Bronx Social Security Card Center Serving Bronx County
820 Concourse Village West, Second Floor Bronx, NY 10451 Hours: Monday to Friday, 7:00 a.m. to 4:00 p.m. Closed on Federal Holidays
Brooklyn Social Security Card Center Serving Kings County
154 Pierrepont Street, Sixth Floor Brooklyn, NY 11201 Hours: Monday to Friday, 7:00 a.m. to 4:00 p.m. Closed on Federal Holidays
Manhattan Social Security Card Center Serving all ZIP codes in Manhattan
123 William Street, Third Floor New York, NY 10038 Hours: Monday to Friday, 7:00 a.m. to 4:00 p.m. Closed on Federal Holidays
Queens Social Security Card Center Serving Queens County
155-10 Jamaica Avenue, Second Floor Jamaica, NY 11432 Hours: Monday to Friday, 7:00 a.m. to 4:00 p.m. Closed on Federal Holidays
Social Security offices in other major cities:
Boston, MA 10 Causeway Street, Room 148 Boston, MA 02222 Hours: Monday to Friday 9:00 a.m. to 3:00 p.m., except Wednesday 9:00 a.m. to 12:00 p.m.
San Francisco, CA 1098 Valencia Street San Francisco, CA 94110 Hours: Monday to Friday 9:00 a.m. to 4:00 p.m., except Wednesday 9:00 a.m. to 12:00 p.m.
Los Angeles, CA 1122 N Vine Street Hollywood, CA 90038 Hours: Monday to Friday 9:00 a.m. to 4:00 p.m., except Wednesday 9:00 a.m. to 12:00 p.m.
Houston, TX 8989 Lakes at 610 Drive Houston, TX 77054 Hours: Monday to Friday 9:00 a.m. to 3:00 p.m., except Wednesday 9:00 a.m. to 12:00 p.m.
Chicago, IL 77 West Jackson Boulevard, Suite 300 Chicago, IL 60604 Hours: Monday to Friday 9:00 a.m. to 4:00 p.m., except Wednesday 9:00 a.m. to 12:00 p.m.
More Social Security office locations are listed on the Social Security Administration's website.
Remember! Read all instructions BEFORE you fill out the application. Here are some tips:
- Use your employer’s address as your mailing address, including the name of your employer’s business. (If you are an independent student, you may put InterExchange’s address. We will mail your Social Security card to your job site. Do this only if you are allowed to come to the U.S. without a job.)

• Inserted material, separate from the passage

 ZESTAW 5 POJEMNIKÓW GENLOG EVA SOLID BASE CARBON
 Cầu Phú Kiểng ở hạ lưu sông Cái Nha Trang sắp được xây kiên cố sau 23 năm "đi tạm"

- For question #5 (CITIZENSHIP), check the box labeled “Legal Alien Allowed To Work.”
- For question #9A (MOTHER’S NAME AT HER BIRTH), write your mother’s family name when she was born, or her name before she was married.
- You can leave #6, #7, #9B and #10B blank.
Social Security Application Process
SSA = Social Security Administration
When you arrive at your job your employer will give you an I-9 Form, also known as I-9 Employment Eligibility Verification Form. You must fill out this form. This form notifies the U.S. government that you are allowed to work in the United States. You need to show your passport, J-1 Visa, printed I-94 admission record and DS-2019 Form to your employer when you fill out this form. You are only required to fill out Section 1. Your employer will complete Section 2. Remember to fill out Section 1 using your U.S. work address.